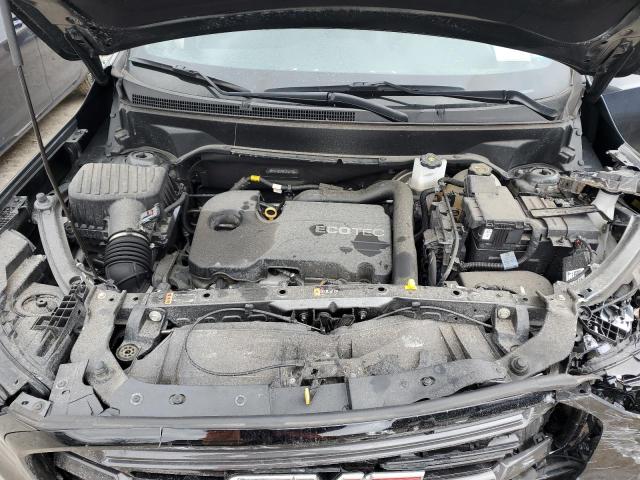 3GKALVEV4ML333778 GMC Terrain Slt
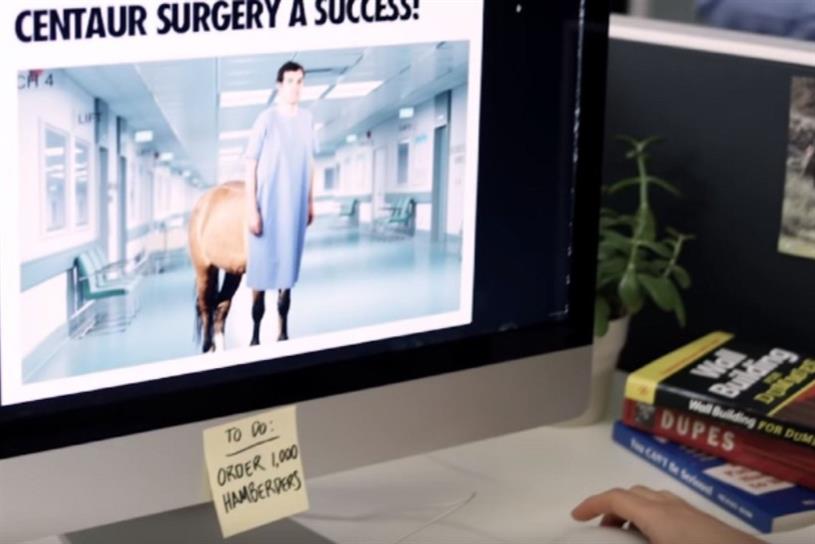 The Society of Professional Journalists takes on 'fake news'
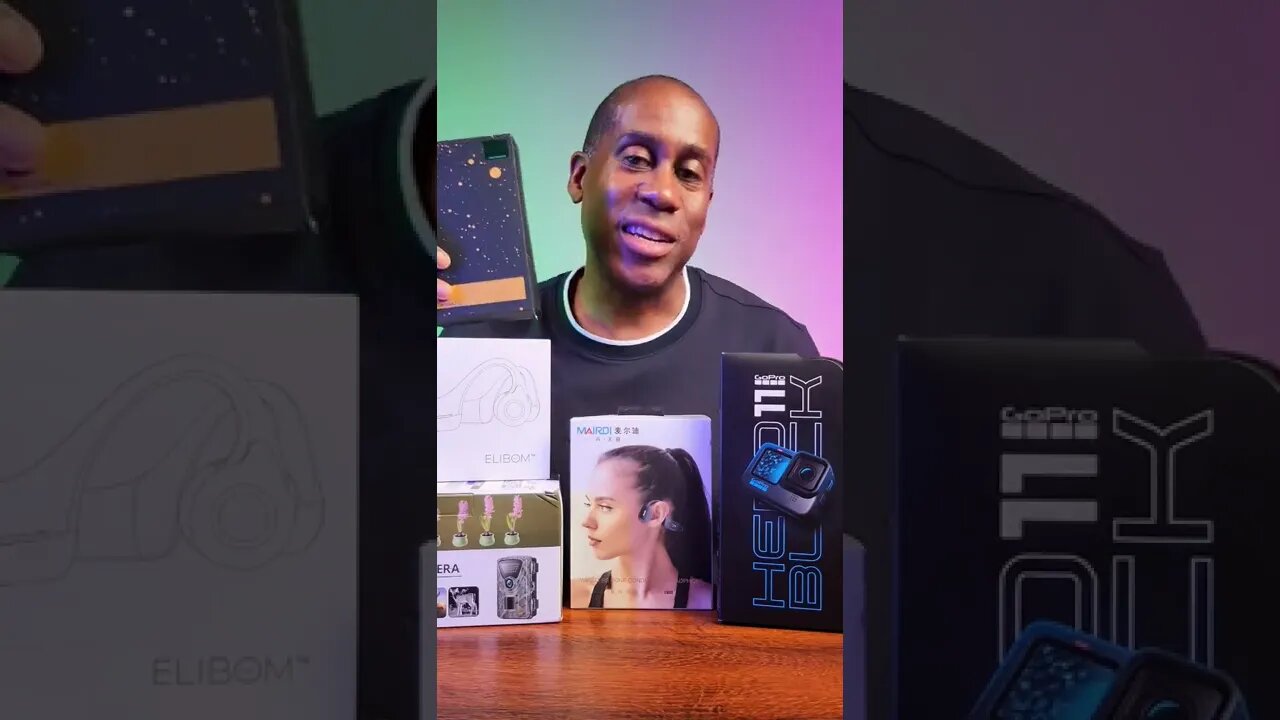 Thanks To This Week's Super Chatters & Everyone That Came Through To My Weekly Haul Video This Week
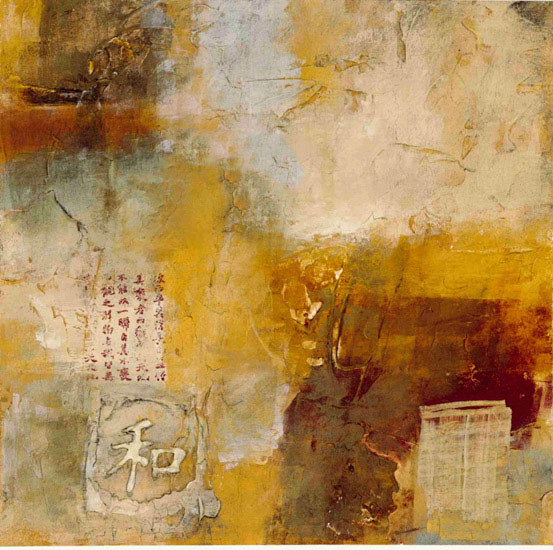 Compatible Abstrakt Jahrriesnge  for pattern lpf10744 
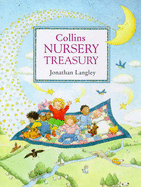 Collins Nursery Treasury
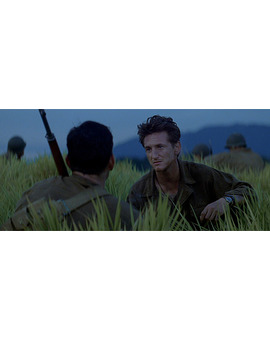 Cual es la mejor pelicula de Terrence Malick?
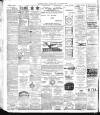 Weekly Freeman's Journal Saturday 25 April 1885 Page 8
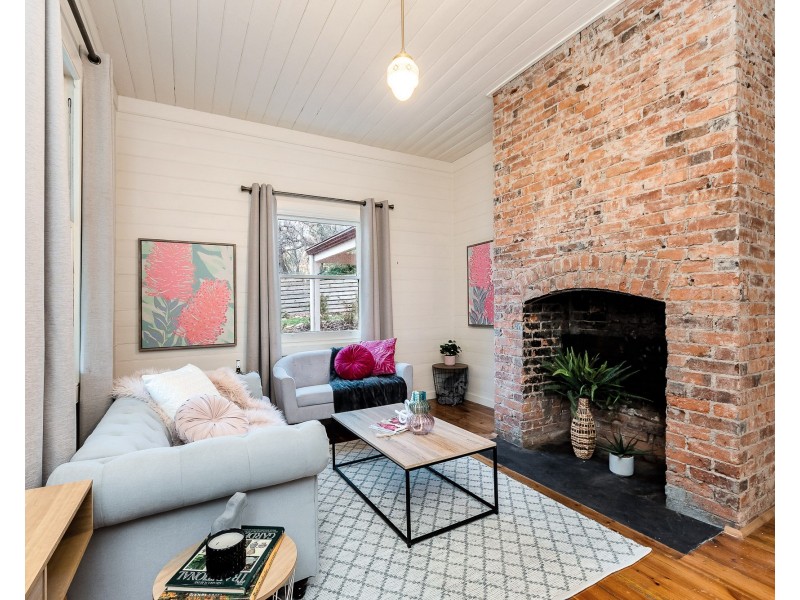 15 Jones Road, Balhannah SA 5242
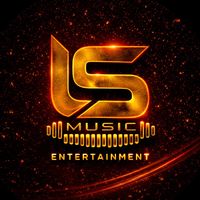 lsmusicentertainment2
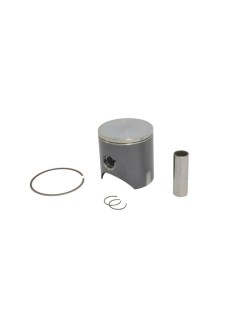 Piston coulé ATHENA - 9476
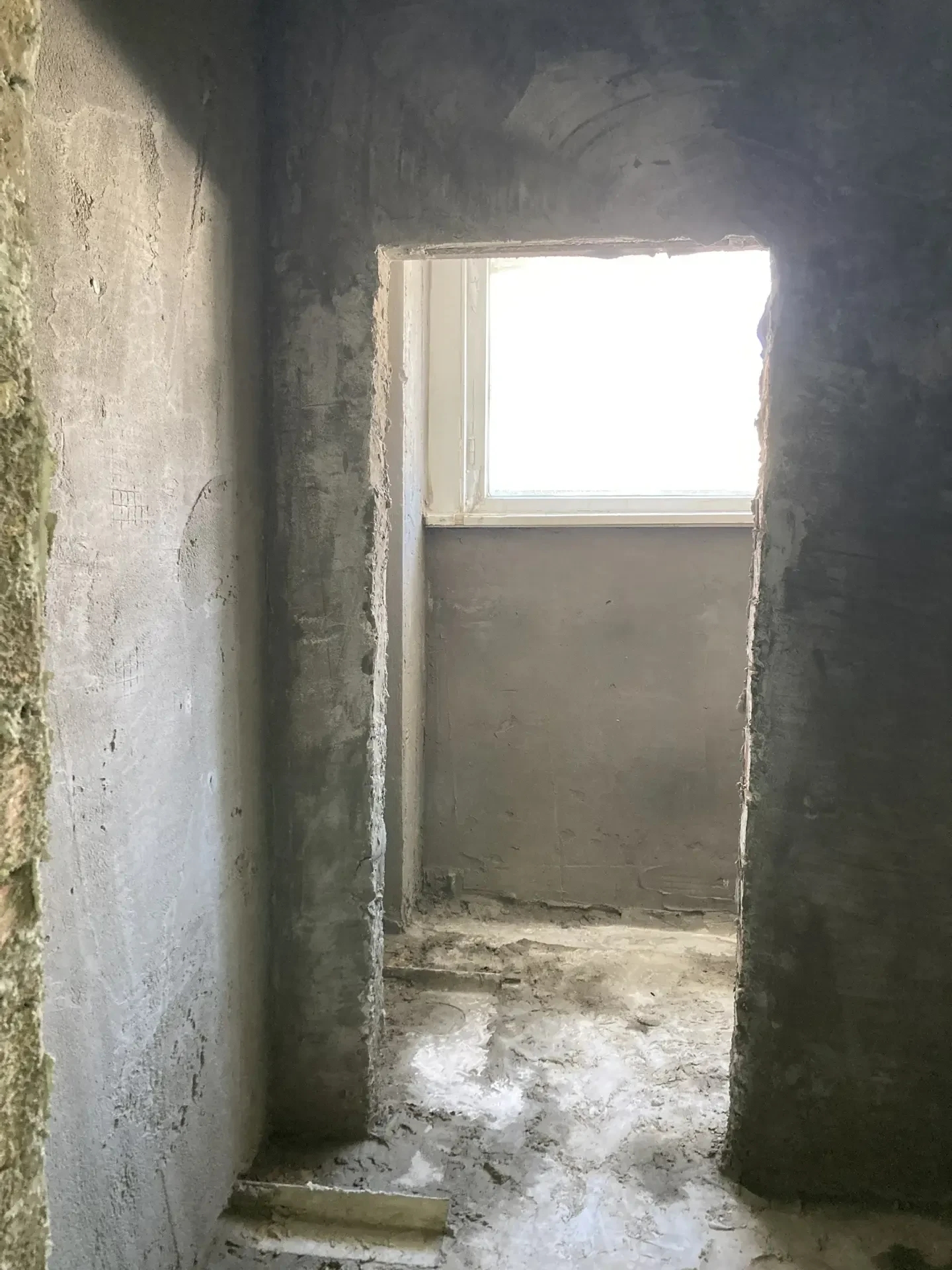 IMG 20260326 142351 515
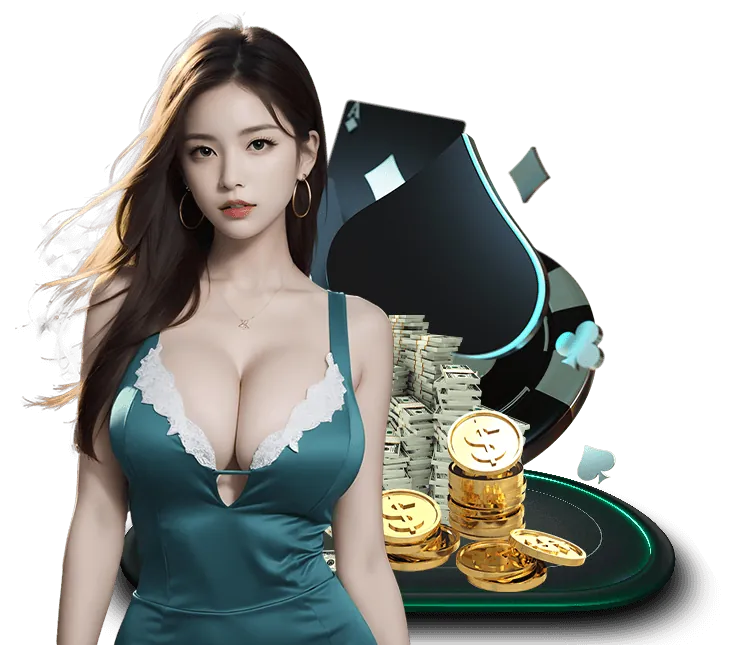 Game thủ Esport đang thi đấu trong một giải đấu lớn
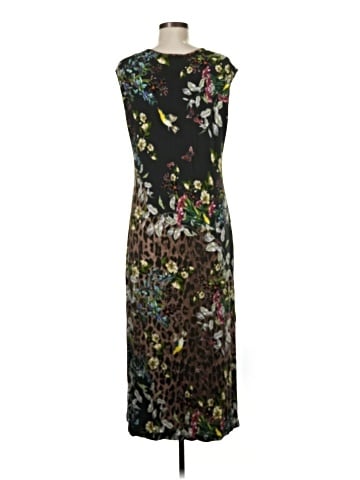 Johnny Was Cocktail Dress (view 2)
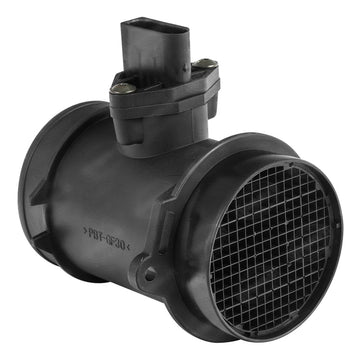 Sensor MAF T Tecnofuel 1620943148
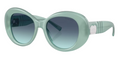 Lunettes de soleil Tiffany & Co TF4228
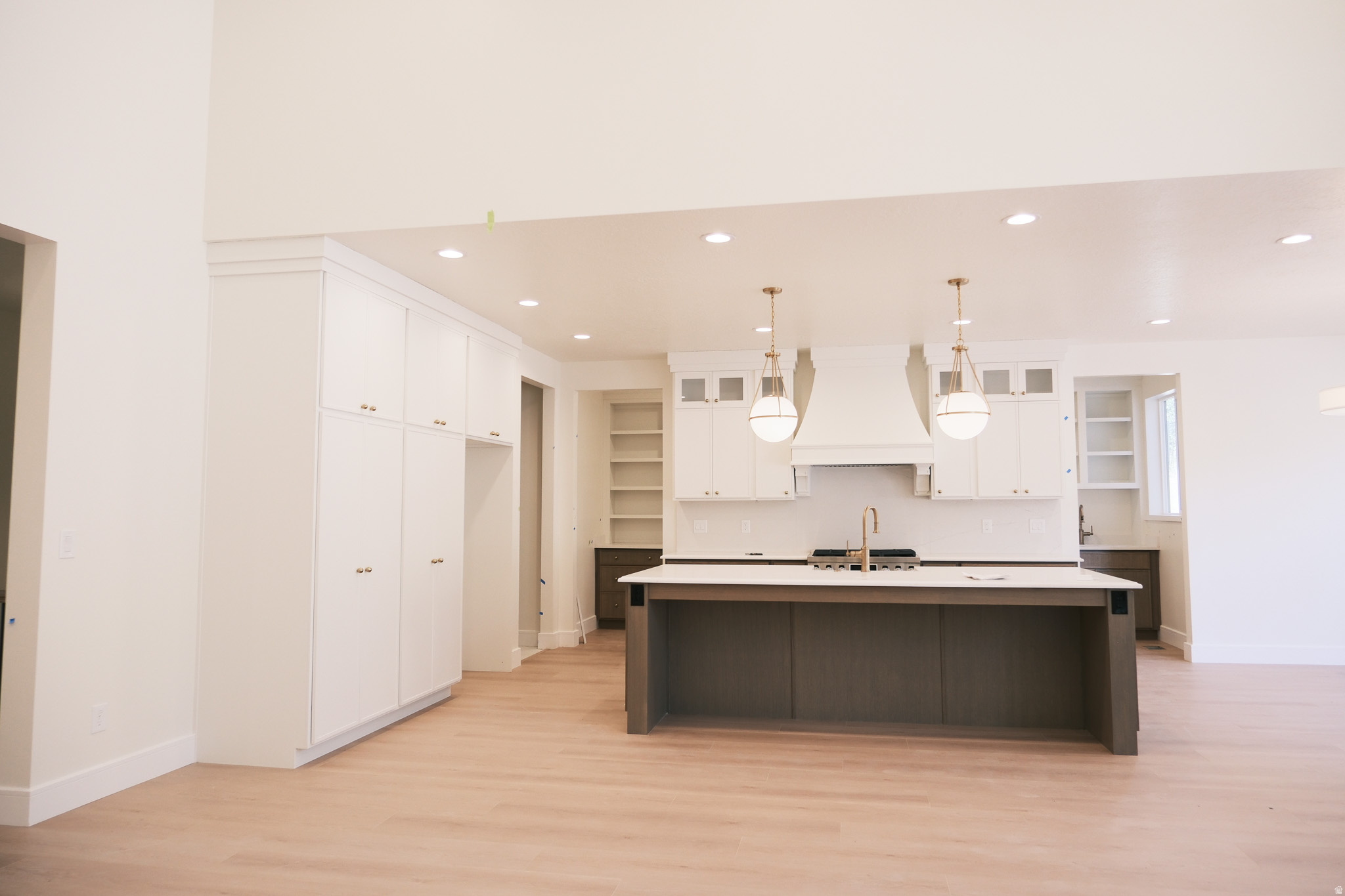 PAYSON VIEW ESTATES - Residential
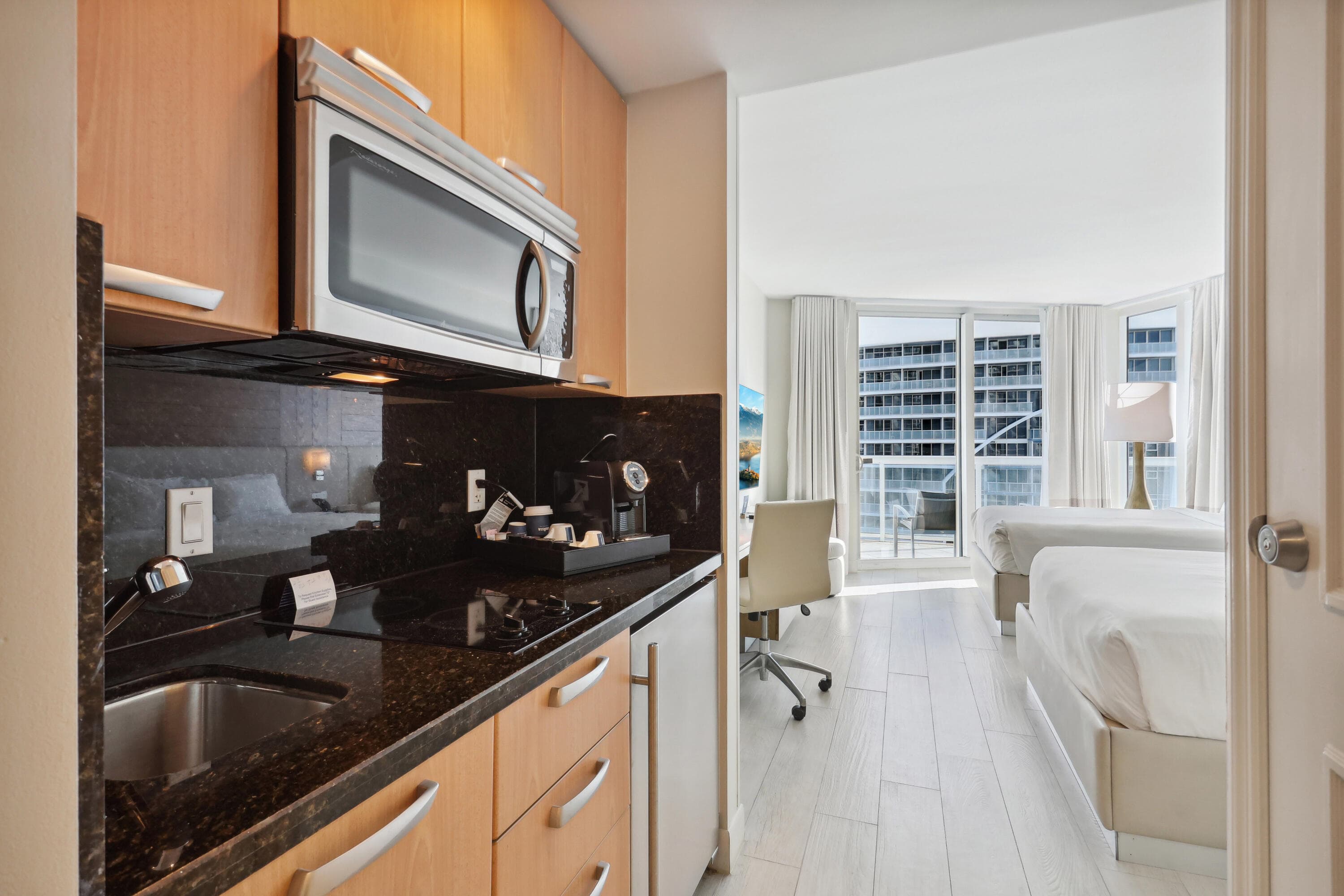 505 N Fort Lauderdale Beach Boulevard 1211, Fort Lauderdale, FL 33304 — photo 5 of 49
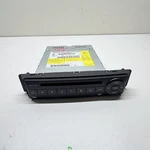 2009-2014 Volkswagen Routan Dvd Cd Reciver Player Radio P05064499AB Oem. Fixed Price $57.50.
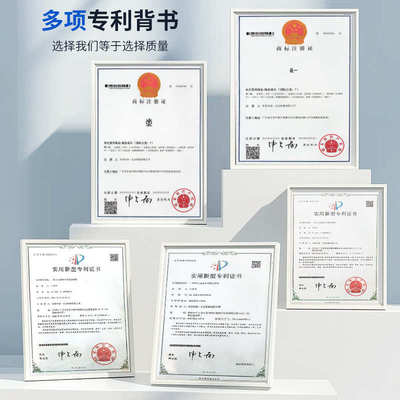 二合一料架整平机厂家供应精密高涨板放料整平一体机全自动校平机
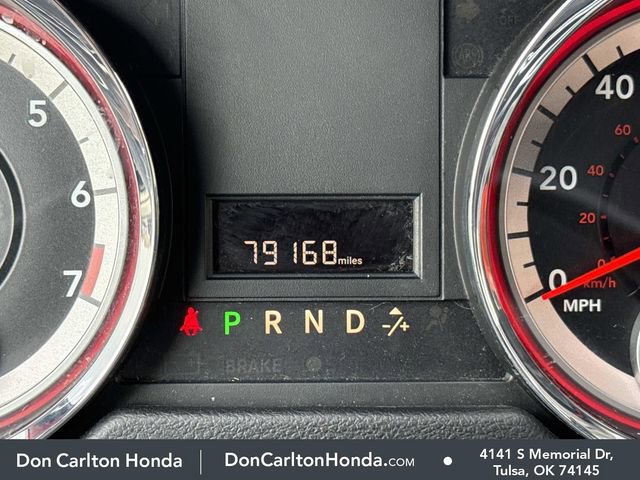 Used 2019 Dodge Grand Caravan SXT image 35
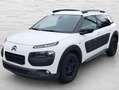Citroen C4 Cactus Weiß - thumbnail 1
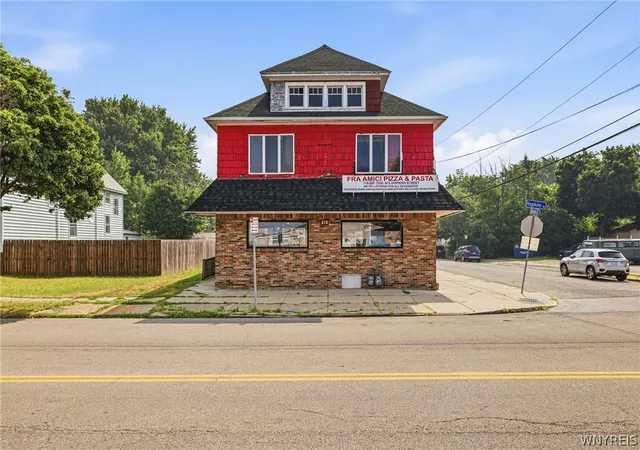 615-hopkins-st-buffalo-ny-14220/hzid_33109f61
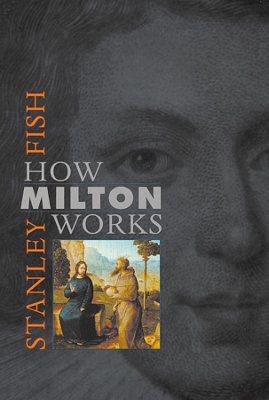 How Milton Works book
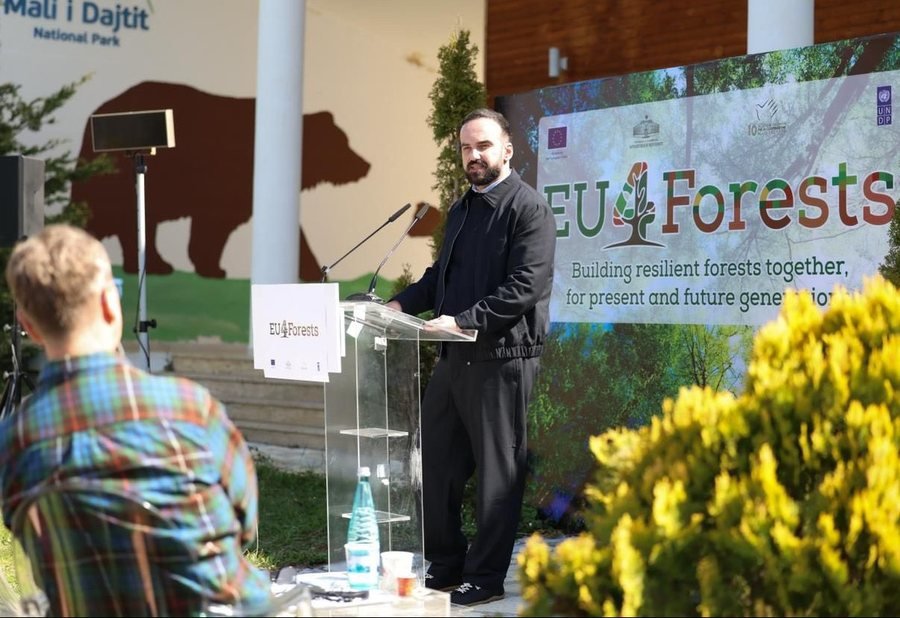 Nuk heqin dorë nga abuzimi: Ministria e Mjedisit do të shpenzojë miliarda pa tender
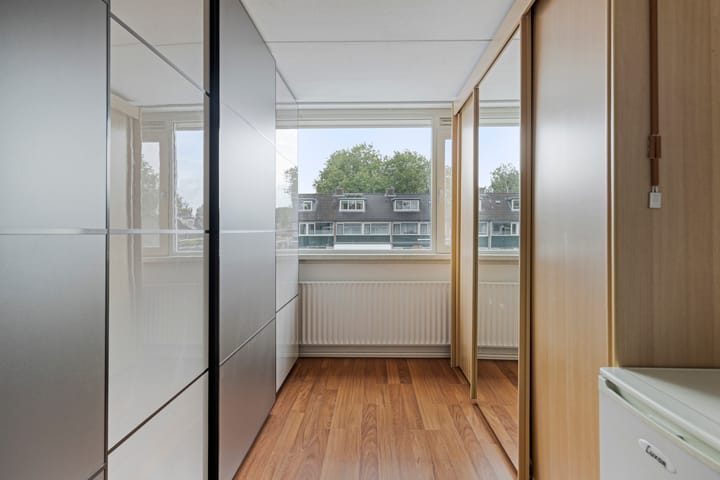 Foto 22 van Poortersveld 814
* * * * * * * * *
> **EXERCISE PROMPT**: From the line with "Thanks To This" up to and including the line with "Cual es la mejor" above, retype every line exactly and nothing more; leave out the pictures.

> **ANSWER TO THIS PROBLEM**:
 Thanks To This Week's Super Chatters & Everyone That Came Through To My Weekly Haul Video This Week
 Compatible Abstrakt Jahrriesnge  for pattern lpf10744 
 Collins Nursery Treasury
 Cual es la mejor pelicula de Terrence Malick?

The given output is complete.